2. Repeat the fix cycle until all critical and high findings have been eliminated.
3. After the complete plan, perform a final review — on the last step and on the plan as a whole.
Only then is the plan ready for implementation. It is worth having it explained back, examining the details of the resulting architecture, and thinking through the E2E tests and the complete testing strategy. All of this is best prepared before implementation begins — correctness is far easier to verify when tests are written against the original use cases rather than retrofitted to match the implementation.
With a completed and verified plan, the implementation phase begins. Its progression shares many characteristics with plan-building — particularly in terms of reviews, tests, and continuous verification.
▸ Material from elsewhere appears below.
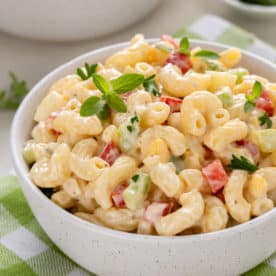 Close up of amish macaroni salad in a white bowl.
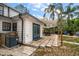 This backyard has a large patio, a dining set under an awning, and many plants and palm trees at 310 N Lincoln Ave, Clearwater, FL 33755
The cycle closely mirrors the control loop described in the first article.
AI first assembles the workflow: the order in which individual parts of the plan will be implemented, when integration tests will begin alongside unit tests, and when E2E and smoke tests come into play.
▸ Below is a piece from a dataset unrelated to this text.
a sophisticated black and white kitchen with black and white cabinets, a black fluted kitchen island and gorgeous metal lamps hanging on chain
AI breaks the plan into implementable units and proposes an order. Infrastructure foundations and shared components go first; specific business logic and UI follow.
Incremental implementation, file by file, following the established order. Each file is accompanied by unit tests written concurrently with the code.
After every implemented file, a round of independent reviews must follow from all available models. The same three-tier system as for the plan:
Cycle after each file:
1. Independent reviews from multiple models → identify critical / high / low findings.
2. Iteratively eliminate all critical and high findings.
3. Write regression tests — so the identified issue cannot recur.
4. Write any tests still missing for the given component.
5. Proceed to the next file.
Testing proceeds in layers — each layer is added at the appropriate phase of implementation:
Written concurrently with implementation of each file. They verify the isolated behavior of individual functions and components.
Added after coherent sections of the implementation. They verify component collaboration and correct layer integration. Where possible, this is also the first user-facing test of the foundation.
After the entire implementation is complete. The system is run on real or local environments and all happy paths, edge cases, and everything critical for the application are exercised.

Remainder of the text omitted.